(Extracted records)
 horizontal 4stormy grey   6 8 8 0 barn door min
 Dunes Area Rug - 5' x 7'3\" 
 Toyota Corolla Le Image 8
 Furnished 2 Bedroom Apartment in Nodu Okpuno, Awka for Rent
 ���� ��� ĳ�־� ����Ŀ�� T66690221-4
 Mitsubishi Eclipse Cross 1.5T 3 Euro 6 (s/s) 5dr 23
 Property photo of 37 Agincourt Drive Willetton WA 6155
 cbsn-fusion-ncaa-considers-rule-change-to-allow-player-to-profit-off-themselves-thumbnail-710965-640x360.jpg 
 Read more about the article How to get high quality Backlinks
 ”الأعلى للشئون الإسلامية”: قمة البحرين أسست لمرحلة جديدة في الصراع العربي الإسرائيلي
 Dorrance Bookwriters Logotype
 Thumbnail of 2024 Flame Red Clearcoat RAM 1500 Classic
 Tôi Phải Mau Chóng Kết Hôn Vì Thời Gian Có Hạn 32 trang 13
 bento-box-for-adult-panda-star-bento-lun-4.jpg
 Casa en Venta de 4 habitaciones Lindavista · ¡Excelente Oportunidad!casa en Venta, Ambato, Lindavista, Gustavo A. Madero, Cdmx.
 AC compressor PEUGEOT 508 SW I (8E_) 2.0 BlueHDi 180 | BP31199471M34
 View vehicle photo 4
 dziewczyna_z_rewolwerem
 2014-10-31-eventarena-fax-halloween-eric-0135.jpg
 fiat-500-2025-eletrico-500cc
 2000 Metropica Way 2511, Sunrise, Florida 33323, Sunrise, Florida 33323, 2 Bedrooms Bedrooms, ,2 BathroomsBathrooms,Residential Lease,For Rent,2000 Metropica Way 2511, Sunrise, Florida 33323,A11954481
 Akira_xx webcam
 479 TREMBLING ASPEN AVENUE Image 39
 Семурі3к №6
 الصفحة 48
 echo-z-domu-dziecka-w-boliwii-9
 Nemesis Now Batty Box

### WHAT TO WORK ON:
Print exactly the lines above from the one with "Read more about" to the one with "Sunrise, Florida 33323,A11954481", including both.

### RESPONSE TO THE TASK:
 Read more about the article How to get high quality Backlinks
 ”الأعلى للشئون الإسلامية”: قمة البحرين أسست لمرحلة جديدة في الصراع العربي الإسرائيلي
 Dorrance Bookwriters Logotype
 Thumbnail of 2024 Flame Red Clearcoat RAM 1500 Classic
 Tôi Phải Mau Chóng Kết Hôn Vì Thời Gian Có Hạn 32 trang 13
 bento-box-for-adult-panda-star-bento-lun-4.jpg
 Casa en Venta de 4 habitaciones Lindavista · ¡Excelente Oportunidad!casa en Venta, Ambato, Lindavista, Gustavo A. Madero, Cdmx.
 AC compressor PEUGEOT 508 SW I (8E_) 2.0 BlueHDi 180 | BP31199471M34
 View vehicle photo 4
 dziewczyna_z_rewolwerem
 2014-10-31-eventarena-fax-halloween-eric-0135.jpg
 fiat-500-2025-eletrico-500cc
 2000 Metropica Way 2511, Sunrise, Florida 33323, Sunrise, Florida 33323, 2 Bedrooms Bedrooms, ,2 BathroomsBathrooms,Residential Lease,For Rent,2000 Metropica Way 2511, Sunrise, Florida 33323,A11954481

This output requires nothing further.